EXERCISE DESCRIPTION
Pictures are to be left out, but please repeat each record exactly.

[Caption-style text data]
*****
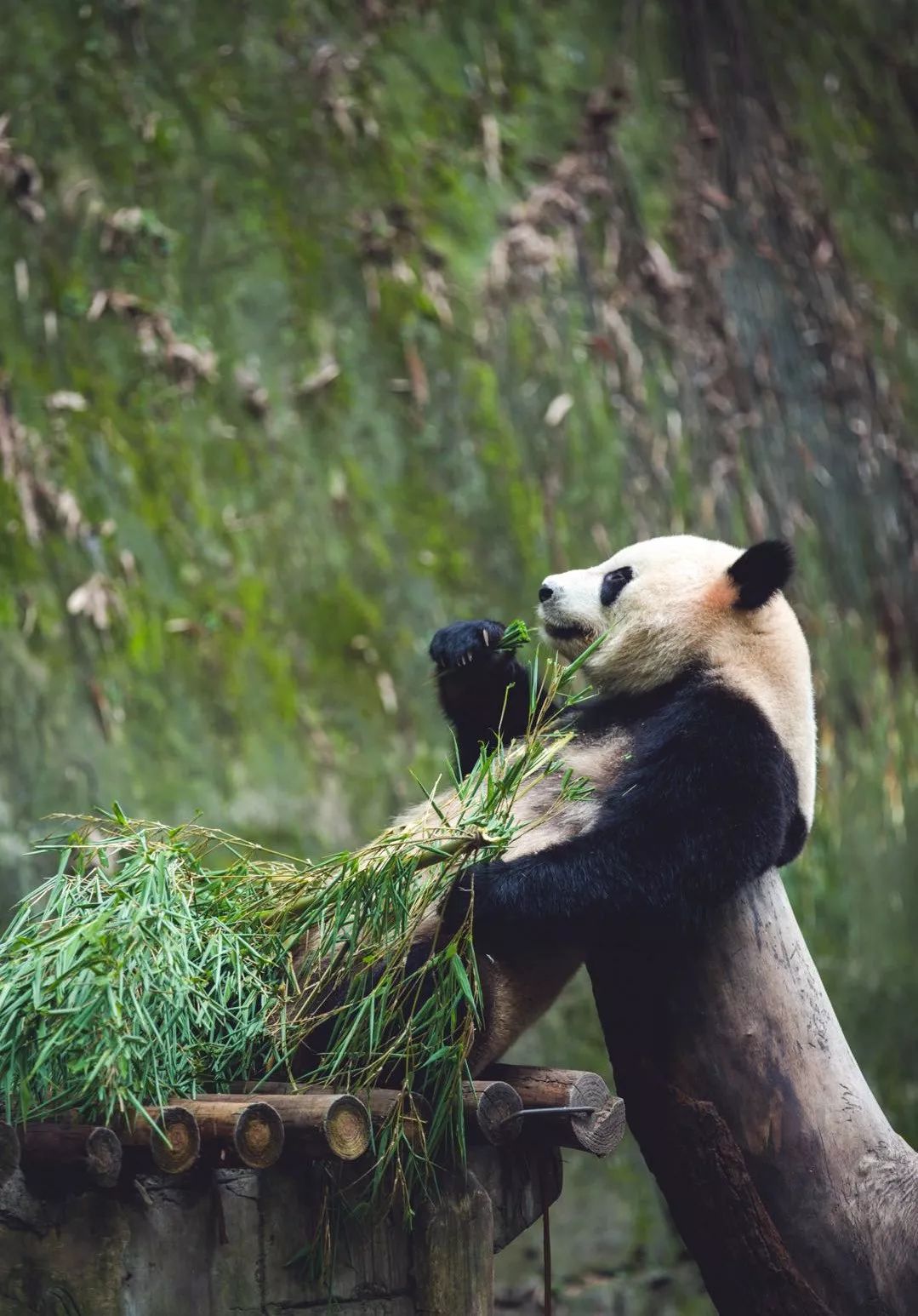 熊猫萌,熊猫萌啦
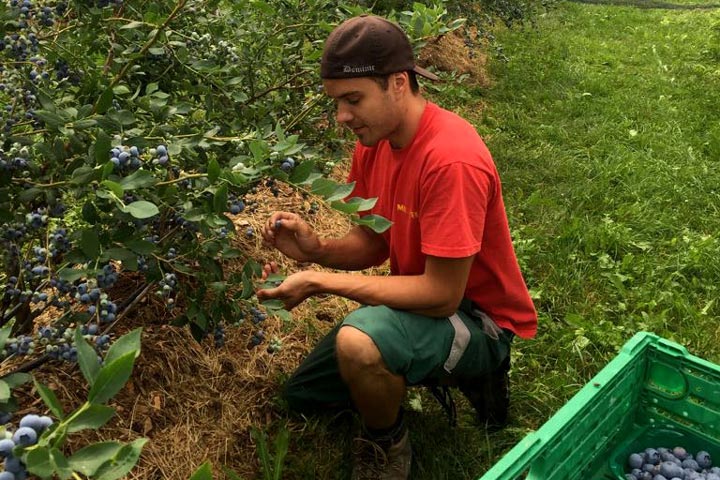 Nic beim Heidelbeeren pflücken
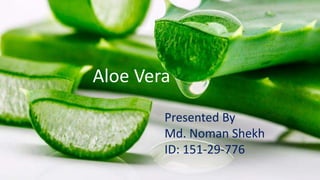Aloe Vera
Presented By
Md. Noman Shekh
ID: 151-29-776
 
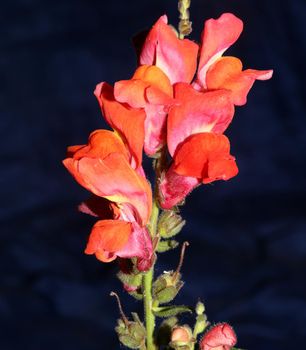 Red flower blossom close up botanical background Antirrhinum majus family Plantaginaceae big size prints high quality floral home decor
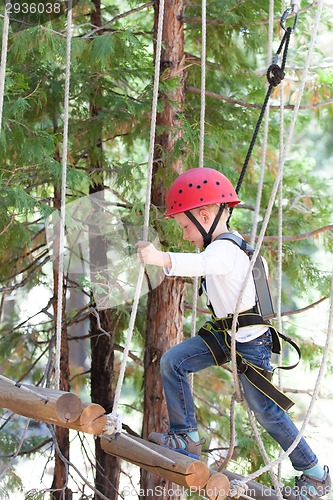 Image of kid in adventure park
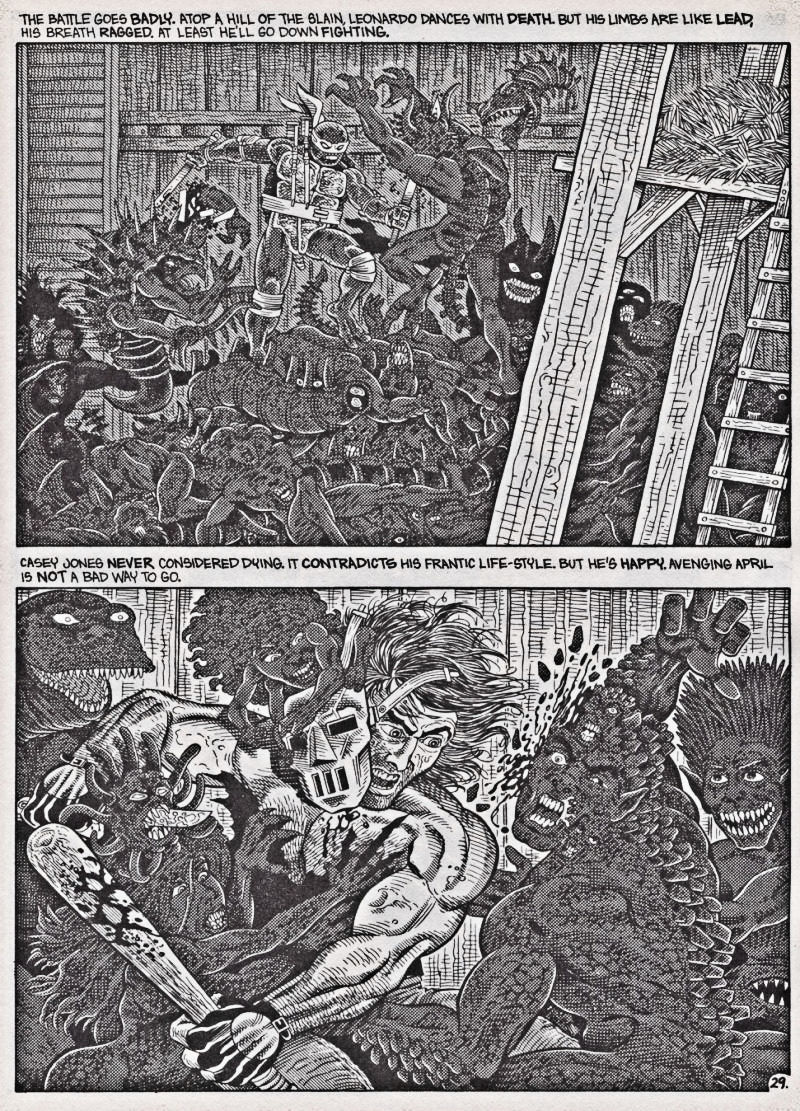 Teenage Mutant Ninja Turtles (1984) Issue #42 #42 - English 30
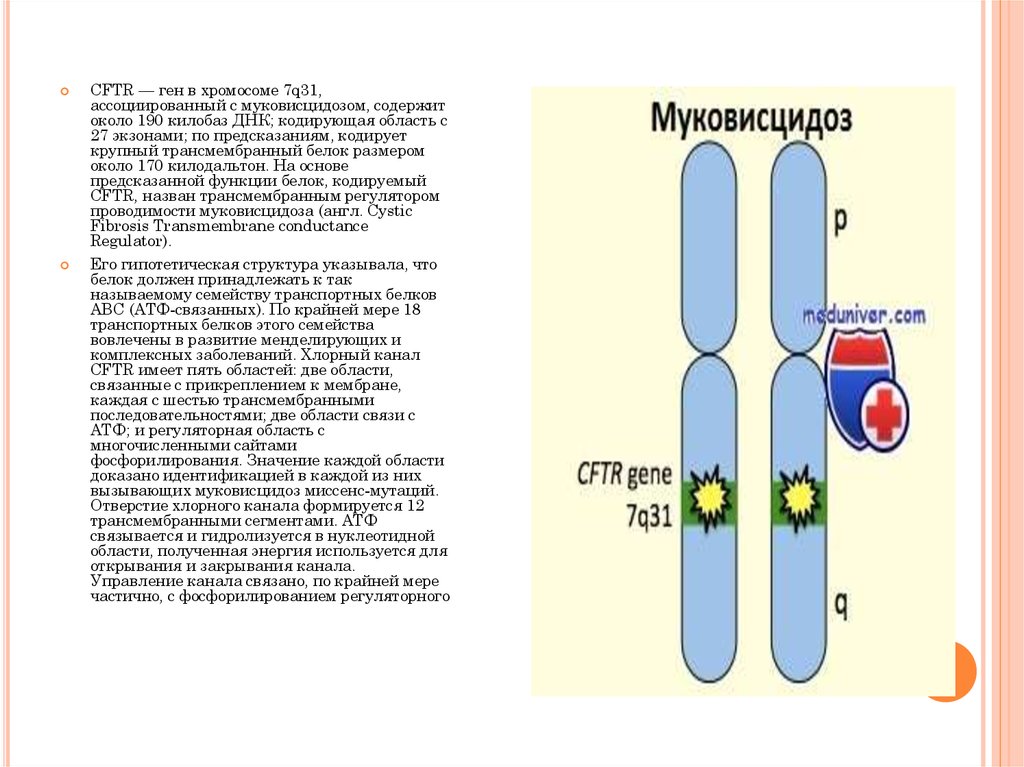 Презентация на тему муковисцидоз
*****
RESULT
 熊猫萌,熊猫萌啦
 Nic beim Heidelbeeren pflücken
Aloe Vera
Presented By
Md. Noman Shekh
ID: 151-29-776
 
 Red flower blossom close up botanical background Antirrhinum majus family Plantaginaceae big size prints high quality floral home decor
 Image of kid in adventure park
 Teenage Mutant Ninja Turtles (1984) Issue #42 #42 - English 30
 Презентация на тему муковисцидоз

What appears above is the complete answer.